Who doesn't experience disordered inclinations?
Rage at the ignorant driver during a traffic jam.
Envy of a friend's wealth and status.
Lusting over a co-worker.
Harbouring a grudge because of wrongs committed against oneself.
Sin begins in the heart. We should not deceive ourselves into accepting that merely looking at someone lustfully is not problematic. We cannot entertain sin in our hearts and hope to contain it therein. The body follows the will if, together with the will, it is not disciplined. If the will is not mastered, life can and will get unexpectedly complicated more quickly and deeply than one can imagine.

Our Lord and Saviour reminds us that the activity of the heart can indict us:
St. Matthew 5:28
But I say to you that every one who looks at a woman lustfully has already committed adultery with her in his heart.
Yikes! We had better put some effort into embracing those words we frequently pray at Mass: "... And lead us not into temptation, but deliver us from evil." We can and do overcome even entrenched behaviours if we choose to enlist various resources that help us mature psychologically and spiritually. The path to holiness begins with trust in God.
  • Frequent prayer: morning, noon and night; constant prayer throughout the day.
  • Examination of conscience at the end of the day before bed.
  • Regular confession of sins (Sacrament of Penance).
  • Sunday and daily Mass.
Dialogue rooted in humility.

There are necessary distinctions that must be emphasized as often as necessary in order for authentic dialogue to take place between people possessing different (not necessarily equal) opinions. From a Catholic perspective:
  1. Intentions, inclinations and actions can be disordered, even gravely disordered.
  2. Actions are judged, not persons.
  3. Actions are judged in order to provide insight for the person so that he or she may be liberated from the bondage of sin.
  4. Judging the person as a/n [insert label here] keeps the person imprisoned. To identify a person with an addiction is different than saying a person is an addict. 
  5. Judging another person, i.e., convicting them as a/n [insert label here] and damning them to be known as such merely imprisons the human judge in a trap that can just as easily land the accuser in the hell that he or she has prepared for the one they accuse.
  6. God alone knows the true condition of a person's very human heart.
Catholics are called to love each and every person, for each and every person is created in the image and likeness of God. That love and respect for the person does not mean we must be compelled to condone, bless or approve of certain behaviours.

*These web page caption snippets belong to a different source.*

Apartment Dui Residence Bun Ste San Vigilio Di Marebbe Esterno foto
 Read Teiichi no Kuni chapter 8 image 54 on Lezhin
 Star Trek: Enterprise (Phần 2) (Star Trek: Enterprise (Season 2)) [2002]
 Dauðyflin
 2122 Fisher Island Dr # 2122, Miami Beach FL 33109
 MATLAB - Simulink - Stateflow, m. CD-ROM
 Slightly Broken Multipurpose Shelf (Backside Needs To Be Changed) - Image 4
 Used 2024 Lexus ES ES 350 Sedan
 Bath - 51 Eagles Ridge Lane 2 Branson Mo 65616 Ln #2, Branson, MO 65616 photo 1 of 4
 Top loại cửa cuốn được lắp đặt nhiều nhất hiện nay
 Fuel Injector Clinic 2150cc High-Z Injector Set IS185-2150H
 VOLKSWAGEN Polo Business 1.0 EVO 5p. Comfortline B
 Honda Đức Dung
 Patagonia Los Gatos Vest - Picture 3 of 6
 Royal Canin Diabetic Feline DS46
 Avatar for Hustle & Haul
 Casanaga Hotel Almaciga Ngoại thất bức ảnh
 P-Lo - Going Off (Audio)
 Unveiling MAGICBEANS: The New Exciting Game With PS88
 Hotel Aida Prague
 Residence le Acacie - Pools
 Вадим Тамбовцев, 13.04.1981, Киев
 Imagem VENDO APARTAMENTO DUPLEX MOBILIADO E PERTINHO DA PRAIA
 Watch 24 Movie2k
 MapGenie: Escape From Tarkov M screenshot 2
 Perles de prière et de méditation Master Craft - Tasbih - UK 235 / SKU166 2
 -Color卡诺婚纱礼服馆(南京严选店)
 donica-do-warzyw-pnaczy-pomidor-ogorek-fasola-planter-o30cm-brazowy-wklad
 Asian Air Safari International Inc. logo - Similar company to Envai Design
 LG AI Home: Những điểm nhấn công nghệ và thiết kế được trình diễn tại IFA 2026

Catholics are routinely lambasted for rejecting certain behaviours that imperil bodies and damn souls. Failing to accept the Catholic distinction between persons and acts, those who are threatened in some way by Catholic teaching about human sexuality conclude that failing to approve of certain behaviours amounts to hatred of the person. Such a conclusion could not be farther from the truth. One can only speculate that feelings are clouding rational judgement and leading those who object to Catholic teaching to not appreciate the nuances of the Church's vast treasury of wisdom.

Regrettably, many people are unable to appreciate that
persons are more than the sum of their actions.
persons are not reducible to their actions.
persons can be habituated to certain behaviours, good or bad.
persons can identify with behaviours to the point of addiction.
behaviours can and do change.
persons can and do change their behaviour (because they can have a change of heart).
the grace of God enables people to change their hearts (and behaviour).
God gives grace to those who seek His help.

Regrettably, some so-called Christian sects and other religions do confuse rejection of behaviour with rejection of persons. In other words, those sects are judging people, not merely their actions. A sure sign that someone is way off track in their thinking is when they attempt to consign someone to hell because of who they are, not what they do.

There is no room for mercy in the thinking of people who deny others a distinction between their fundamental dignity and their actions which do not reflect their human dignity. In that instant when judgement of persons replaces judgement of actions, those sects or individuals act and teach against the doctrine of Jesus Christ. Similarly, those who teach that objectionable behaviours are acceptable (to Christians) are also acting and teaching against the doctrine of Jesus Christ and His Church.

Catholics propose certain behaviours as consonant with human dignity while discouraging certain behaviours because they are undignified. Divorce and subsequent "remarriage" are rejected by the Church, for example, because the Church understands that persons are creatures of:
  • covenant, thus lifelong indissoluble marriage;
  • complementarity, thus marriage can only occur between one man and one woman;
  • communion, thus all relationships find true and lasting fulfilment only when united in an intimate loving communion with Jesus Christ and His Church.
Catholics reject the unjust and unwise policies others demand that we approve. 

We are not defined by what others who view reality through distorted glasses attempt to impose upon us. Catholics are defined by our relationship with Christ and His Church.

Catholics understand that having a conscience properly formed in the Truth of Jesus Christ will necessarily place Catholics in tension with non-believers and dissidents who reject the teaching of the Church even while insisting they, the dissidents, must be accepted under the Catholic umbrella.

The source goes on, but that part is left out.